What this dot point is asking

Eduqas wants you to explain how rocks deform when stressed, and to use folds and faults as evidence of past Earth movements. Compression (squeezing) produces folds (anticlines and synclines) and reverse faults; tension (pulling apart) produces normal faults. You need to name the structures, describe the movement, link each to the stress that made it, and recognise them on geological maps and cross-sections, which is a core Component 2 skill.

The answer

How rocks respond to stress

Stress is the force per unit area applied to a rock; strain is the resulting change in shape or volume. Rocks deform in two main ways:

• Ductile (plastic) deformation bends and folds the rock without breaking it. This tends to happen slowly, deep down, where high temperature and confining pressure let the rock flow.
• Brittle deformation breaks the rock, producing fractures (joints and faults). This tends to happen nearer the surface, where the rock is cooler and more rigid.

The two main stresses are compression (forces acting towards each other, squeezing) and tension (forces acting away from each other, pulling apart).

Folds: the product of compression

A fold is a bend in originally flat (horizontal) beds, produced by compression. The two basic folds are:

• Anticline: beds arched upwards into an arch. The oldest beds are in the centre (core) of the fold.
• Syncline: beds sagging downwards into a trough. The youngest beds are in the centre.

Each fold has limbs (the sloping sides) and an axial plane (the imaginary plane dividing the fold symmetrically). The orientation of the fold (which way the limbs dip, how tightly it is folded) records the direction and strength of the compression.

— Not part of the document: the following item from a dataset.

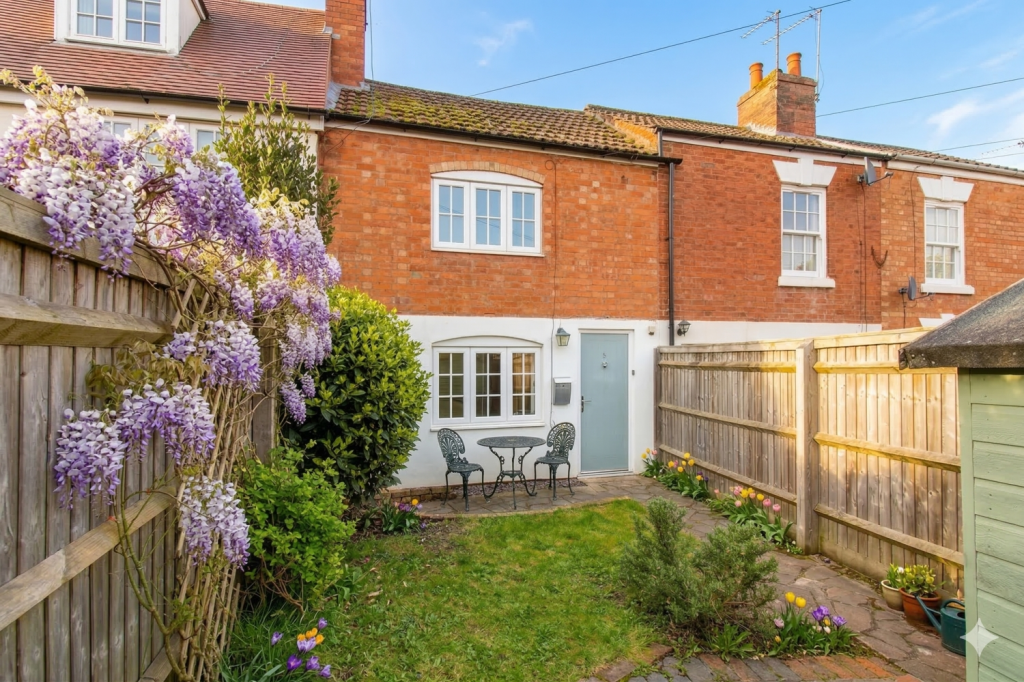 Main image of property: Hammonds Terrace, Kenilworth, Warwickshire, CV8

Faults: fractures with movement

A fault is a fracture along which the rocks have moved relative to one another (unlike a joint, where there is no movement). The block above an inclined fault plane is the hanging wall; the block below is the footwall. The two faults you must know are:

• Normal fault: the hanging wall slips down relative to the footwall. This extends (lengthens) the crust, so it is produced by tension.
• Reverse fault: the hanging wall is pushed up relative to the footwall, so older rocks can ride up over younger ones. This shortens the crust, so it is produced by compression.

Folds and faults as evidence

Because each structure records a specific stress, mapping them reveals the history of Earth movements:

• Anticlines, synclines and reverse faults record compression (a colliding plate margin or mountain belt).
• Normal faults (and rift valleys) record tension (a stretching or rifting region, such as a constructive margin).

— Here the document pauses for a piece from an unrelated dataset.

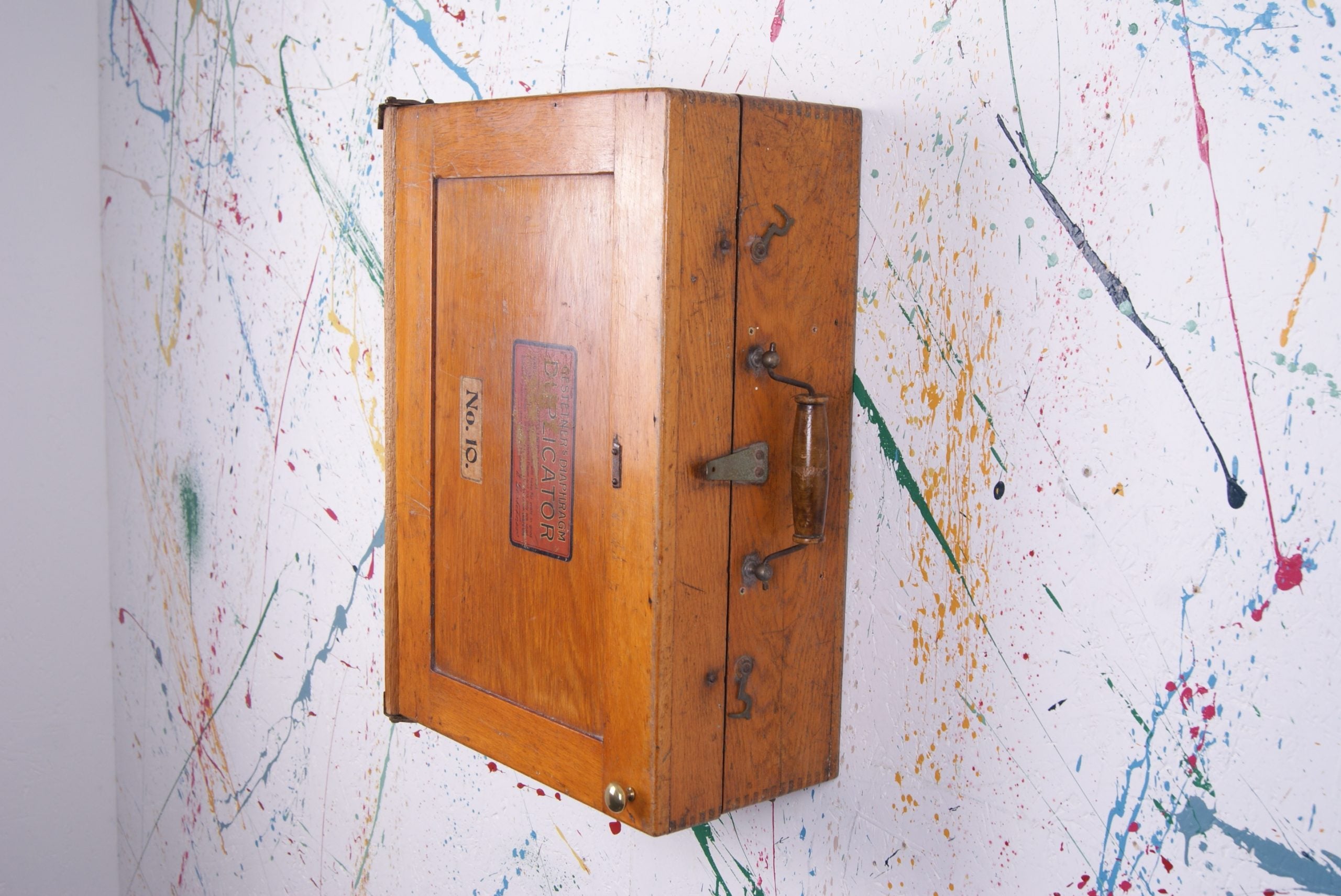 small-wooden-cabinet-2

This is why Component 2 hands you a map or cross-section and asks you to infer the forces that shaped the area.

Examples in context

Example 1. The folded Welsh borderland. Tightly folded Silurian rocks in the Welsh borders record the compression of an ancient continental collision that built a mountain belt long since eroded.

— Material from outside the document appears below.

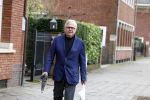 Amsterdam 31 maart 2023
Harry Mens wandelend door Amsterdam zuid.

Example 2. The East African Rift. A line of normal faults drops the rift floor down between the highlands, recording tension as the continent is being pulled apart, the opposite stress to a fold belt.

Try this

Q1. State which type of stress produces folds and which produces normal faults. [2 marks]

• Cue. Folds form under compression (squeezing); normal faults form under tension (pulling apart).

Q2. Describe the relative movement of the hanging wall in a reverse fault and what it does to the crust. [2 marks]

• Cue. The hanging wall is pushed up relative to the footwall, shortening (compressing) the crust.

Q3. State where the oldest beds are found in an anticline. [1 mark]

• Cue. In the centre (core) of the fold.